O McLuhan afirmou há tempos que “o meio é a mensagem” e acertou. Só que os tempos mudaram e hoje o meio é também quem recebe a mensagem. Isso porque, o cara do outro lado da tela é quem define o que quer, gera conteúdo e muda totalmente a mídia. Claro que os novos meios nasceram na geração Y, prontos para essa realidade. Mas e a mídia tradicional? Morreu?
Não! Pelo contrário, ela tem mostrado uma grande força e capacidade de adaptação. Ela cumpre seu papel e, quanto menor o preconceito de misturá-las com as novidades, melhor é o resultado. Portanto, queridos meios tradicionais, não resistam, pois a convergência chegou. De acordo com o Henry Jenkins esta é o reflexo de um processo tecnológico que une funções dentro de um mesmo meio. Isso determina uma transformação cultural na medida em que os receptores são obrigados a buscar informações em diversas fontes que, por sua vez, têm diferentes características. A conexão entre estas informações ocorrem, após interatividade e participação do indivíduo com o meio, na mente do próprio sujeito. Entretanto, os sujeitos conversam, fofocam e trocam experiências entre si.

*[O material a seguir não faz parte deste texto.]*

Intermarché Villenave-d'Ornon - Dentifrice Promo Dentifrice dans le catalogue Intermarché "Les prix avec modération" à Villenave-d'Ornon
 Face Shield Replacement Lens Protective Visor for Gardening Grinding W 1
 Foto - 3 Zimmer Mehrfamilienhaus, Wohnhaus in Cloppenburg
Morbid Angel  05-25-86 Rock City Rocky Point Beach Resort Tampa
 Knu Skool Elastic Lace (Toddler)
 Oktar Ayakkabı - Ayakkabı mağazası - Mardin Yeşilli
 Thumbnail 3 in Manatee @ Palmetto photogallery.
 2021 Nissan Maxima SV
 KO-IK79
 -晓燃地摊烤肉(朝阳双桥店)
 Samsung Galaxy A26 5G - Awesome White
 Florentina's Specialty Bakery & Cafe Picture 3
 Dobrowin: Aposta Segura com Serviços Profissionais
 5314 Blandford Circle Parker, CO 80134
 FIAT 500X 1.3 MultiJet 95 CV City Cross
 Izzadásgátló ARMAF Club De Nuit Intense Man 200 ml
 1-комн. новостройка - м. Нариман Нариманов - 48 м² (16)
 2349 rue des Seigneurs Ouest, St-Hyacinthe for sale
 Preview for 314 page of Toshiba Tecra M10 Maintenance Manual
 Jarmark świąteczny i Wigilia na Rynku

jornalA sociedade se comunica e esse bate papo todo faz surgir um novo poder dentro do âmbito midiático: o poder coletivo. Isso porque o consumo da mídia hoje é um processo que ocorre de forma coletiva na sociedade, criando uma inteligência também coletiva, já citada pelo Pierre Lévy. Essa realidade transforma a relação entre receptores e meios de comunicação e o papel dos profissionais de mídia é entender essa nova realidade para poder adaptar seu planejamento para alcançar os objetivos de marketing propostos por agências e anunciantes.

* Felipe Belão Lubel é publicitário e coordenador de Marketing da Paraná Clínicas Planos de Saúde Empresariais.  Atua também como professor dos cursos de Comunicação Social e de Marketing da PUC-PR.

(felipebelao@paranaclinicas.com.br)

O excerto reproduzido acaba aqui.